Saltanat idaresinde bile padişahın halkın içinde ve halka yakın olması beklenir.
Yani tek başınıza devlete sahip bile olsanız halkınız huzurlu değilse sizde huzurlu olamazsınız. Halkın maddî ve manevî saadetini sağlamaya bir mecburiyet hissedersiniz. Halkın ahvalinden uzak olan padişahların devlet idaresinde sorunlar yaşadığı tarihi bir gerçekliktir.
Saltanat sahibi padişahlar bile halktan uzak olmanın verdiği sıkıntıları fark ediyorsa demokrasilerde seçimle gelmiş olan idarecilerin bunu fark etmemesi mümkün değildir. Belki saltanat idaresinde padişahın yerinde mahpus gibi oturması bir derece anlaşılabilir. Ancak demokrasilerde bu kabul edilemez bir durumdur. Belirli bir süreliğine yönetim yetkisini istediği idarecilere veren halk bu yetkinin nasıl kullanıldığını gözetleyen ve denetleyendir. Kendi lehinde icraatlar ve faaliyetler yapıldığını göremez ve kendinden uzaklaşıldığını hissederse bir daha yetki vermeyecektir.

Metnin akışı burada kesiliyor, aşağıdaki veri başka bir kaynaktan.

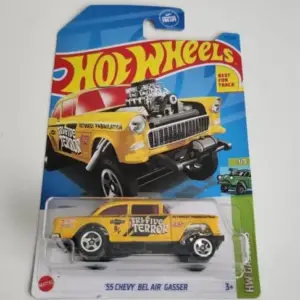 Hot Wheels 2023 HW Gassers 1 of 5 1955 Chevy Bel-Air Gasser yellow HKH61 Tri-Five Terror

Saltanat dönemini de yaşayan Bediüzzaman, bütün yönetimler için istibdadın nasıl bir mahiyet arz ettiğini izah etmiştir. “İşte mâhiyet-i istibdadın timsâli budur. Zira, sâbıkta, Padişah kendi yerinde mahpus gibi oturuyordu, bîçare milletin hâlini anlamıyordu yahut zaaf-ı kalb ve kuvvet-i vehim ile anlamak istemiyordu, yahut mütehevvisâne ve mütekeyyifâne ve mütekalkıl tabiatı anlattırmaya müsâit değildi. İşte hükûmetteki istibdada, her şeyde ki istibdadı kıyas ediniz. Hatta, taklidi tevlit eden ilmin istibdadı dahi böyledir.”(Münâzarât) Hakikati göstermektedir ki halkın hissiyatından uzaklaşan, milletin halini anlamayan, heves ve keyifle hareket eden, vehimli ve şüpheci davranan idareciler istibdadı yaşayan ve yaşatanlardır. Yerinde mahpus gibi oturmak demokrasiyle değil, ancak istibdatla açıklanabilir.